When you reach the line below that has "ميركل: نقطة تحول في تاريخ أوروبا", start returning lines exactly, and stop after the line that has "Style Bike, Orange"; skip the pictures.

Provided data:
*** Block opens ***

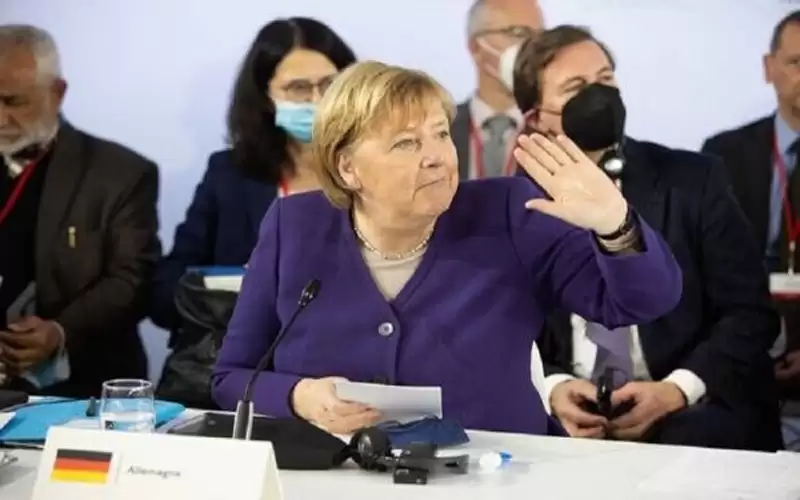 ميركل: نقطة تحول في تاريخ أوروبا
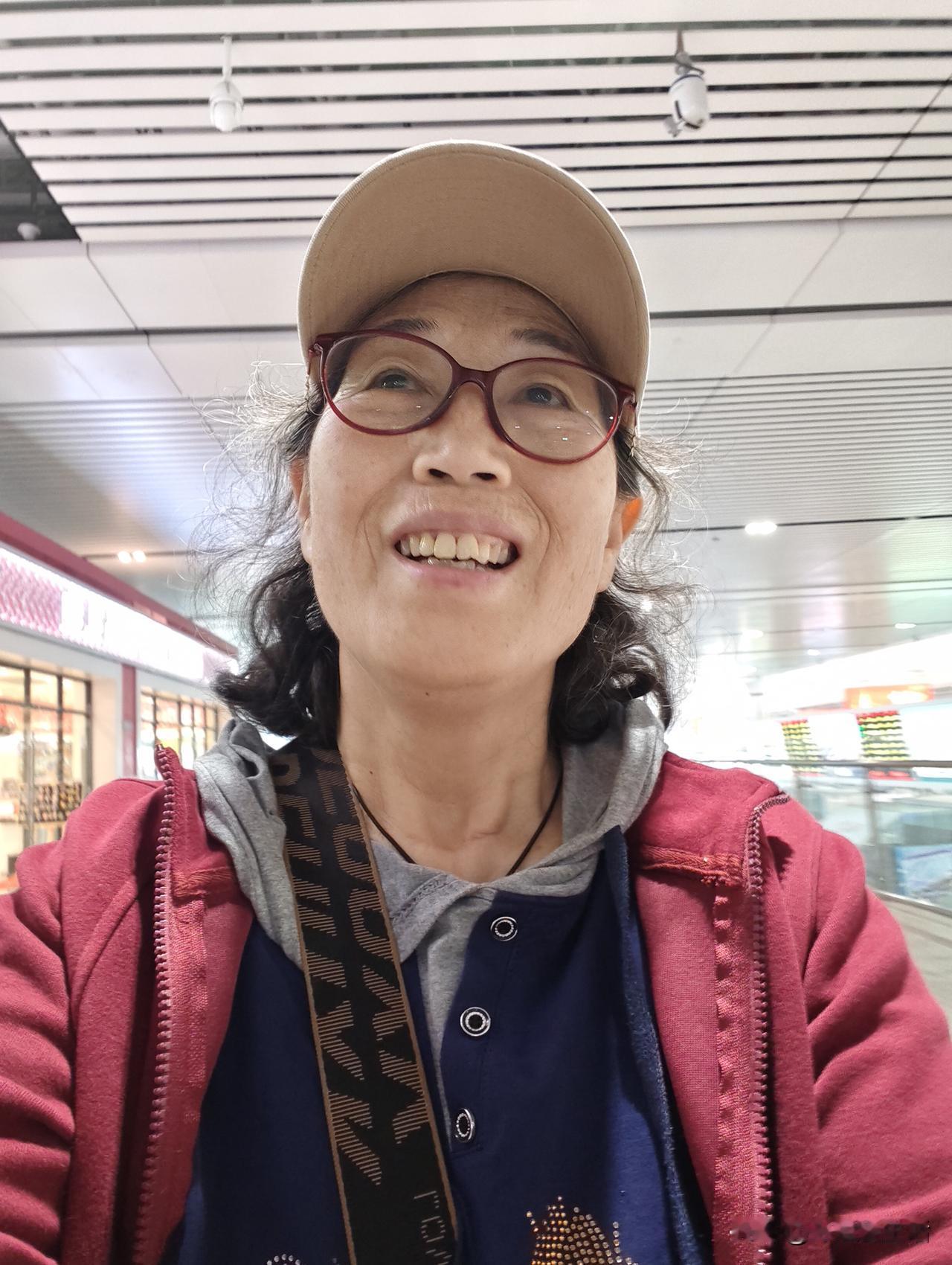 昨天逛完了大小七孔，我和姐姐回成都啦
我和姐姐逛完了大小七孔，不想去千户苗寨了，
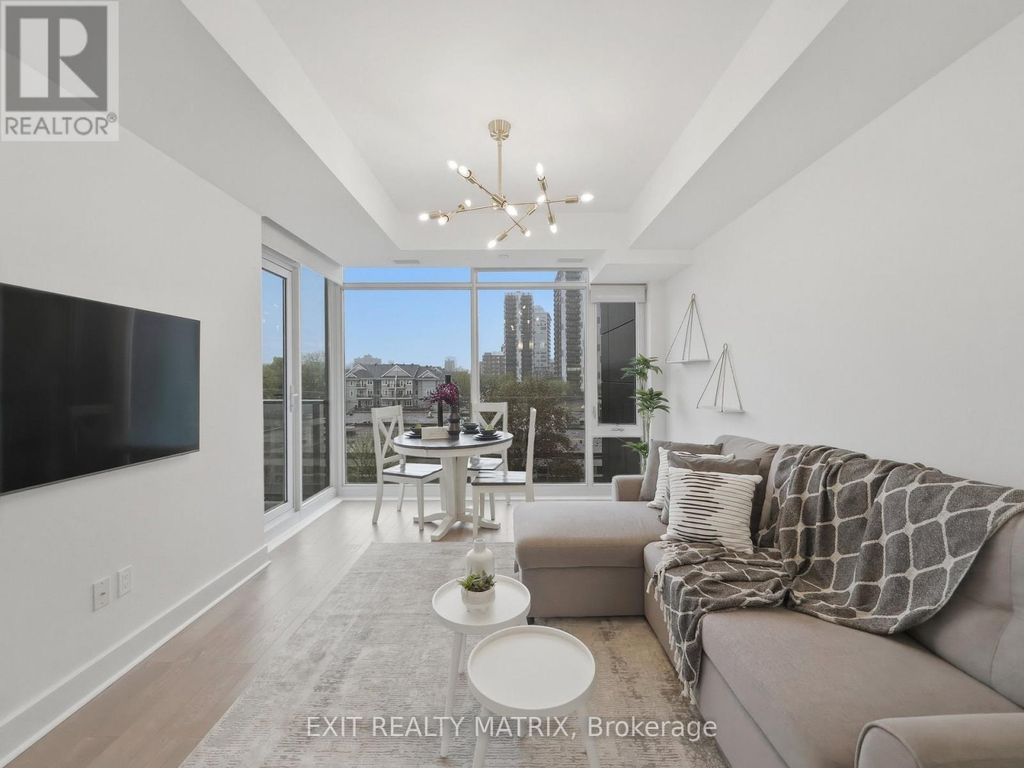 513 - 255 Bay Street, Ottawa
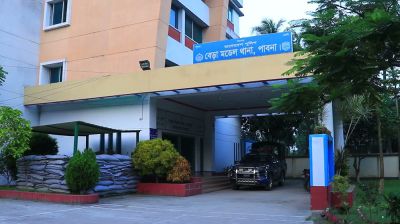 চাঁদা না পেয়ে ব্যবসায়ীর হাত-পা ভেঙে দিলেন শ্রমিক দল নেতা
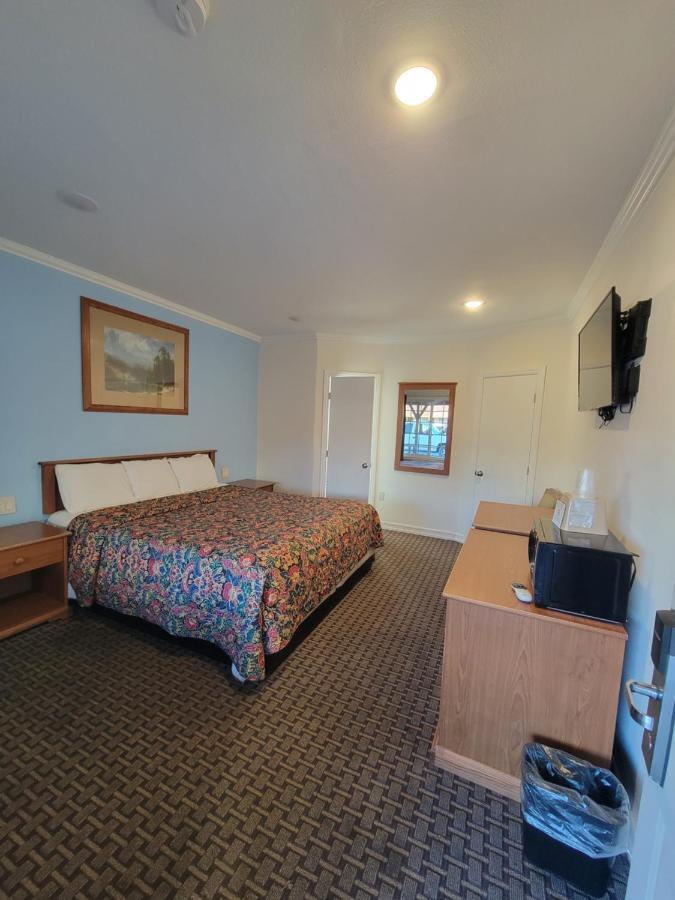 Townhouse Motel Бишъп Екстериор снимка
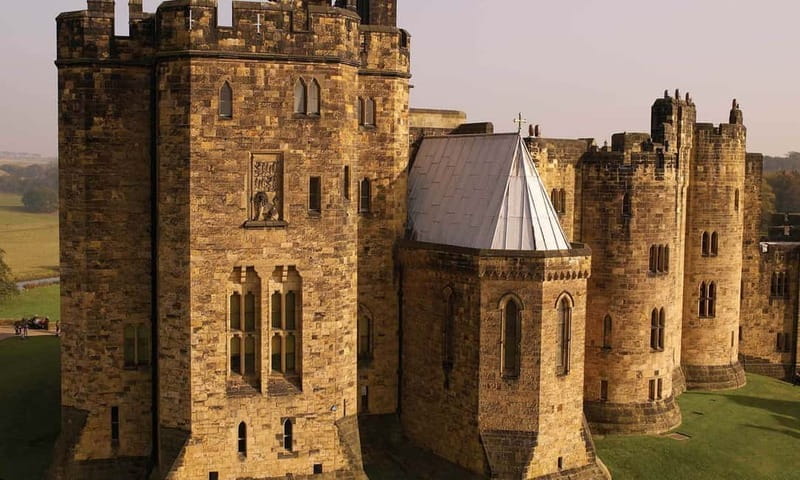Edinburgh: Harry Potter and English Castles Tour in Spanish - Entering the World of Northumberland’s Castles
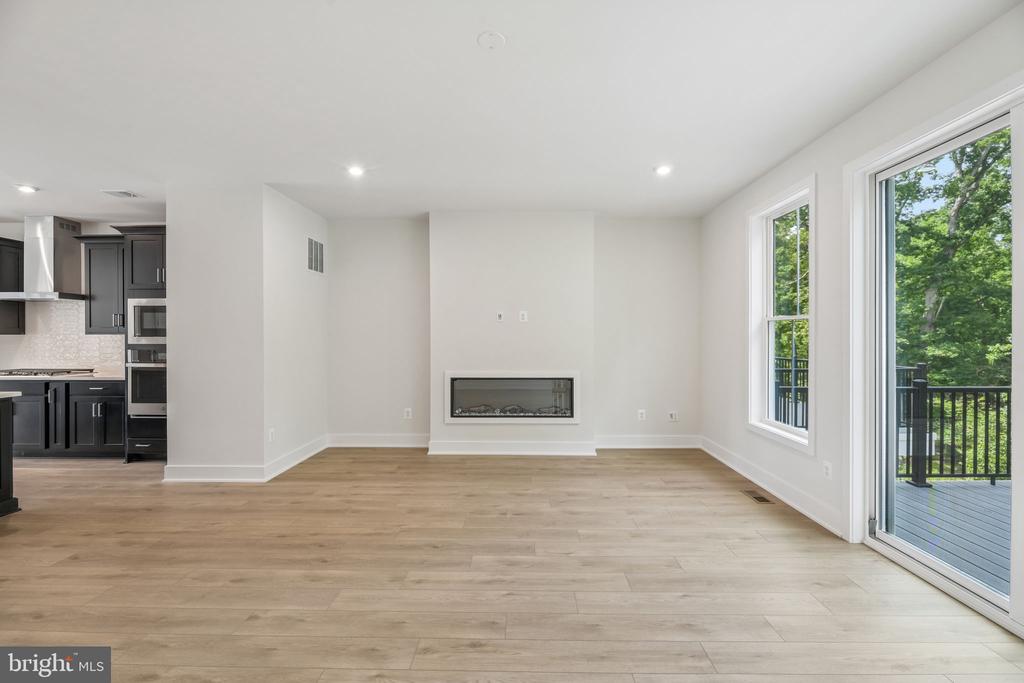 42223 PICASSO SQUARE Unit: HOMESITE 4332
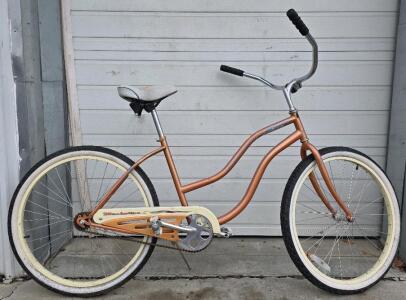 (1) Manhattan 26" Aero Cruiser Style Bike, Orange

*** Block closes ***
*** Block opens ***

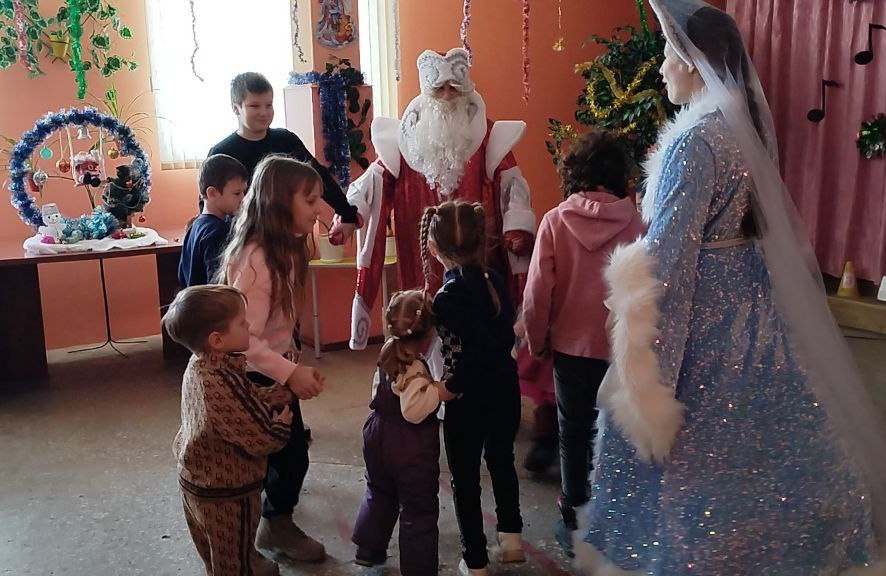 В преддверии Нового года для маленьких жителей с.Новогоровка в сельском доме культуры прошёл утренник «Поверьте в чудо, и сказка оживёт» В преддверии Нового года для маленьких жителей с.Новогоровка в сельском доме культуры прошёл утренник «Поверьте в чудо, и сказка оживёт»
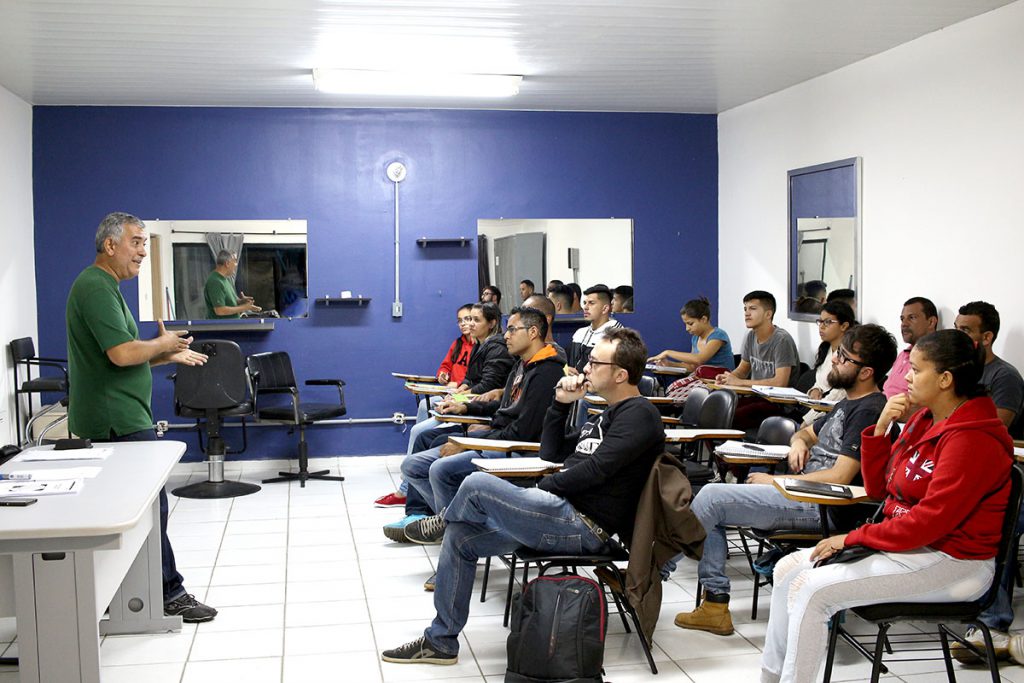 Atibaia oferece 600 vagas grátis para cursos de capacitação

*** Block closes ***
*** Block opens ***

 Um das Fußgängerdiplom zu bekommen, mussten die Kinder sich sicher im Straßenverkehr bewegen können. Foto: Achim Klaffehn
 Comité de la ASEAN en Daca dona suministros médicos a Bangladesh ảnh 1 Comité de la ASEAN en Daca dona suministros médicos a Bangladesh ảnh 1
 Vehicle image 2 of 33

*** Block closes ***

Response area:
 ميركل: نقطة تحول في تاريخ أوروبا
 昨天逛完了大小七孔，我和姐姐回成都啦
我和姐姐逛完了大小七孔，不想去千户苗寨了，
 513 - 255 Bay Street, Ottawa
 চাঁদা না পেয়ে ব্যবসায়ীর হাত-পা ভেঙে দিলেন শ্রমিক দল নেতা
 Townhouse Motel Бишъп Екстериор снимка
Edinburgh: Harry Potter and English Castles Tour in Spanish - Entering the World of Northumberland’s Castles
 42223 PICASSO SQUARE Unit: HOMESITE 4332
 (1) Manhattan 26" Aero Cruiser Style Bike, Orange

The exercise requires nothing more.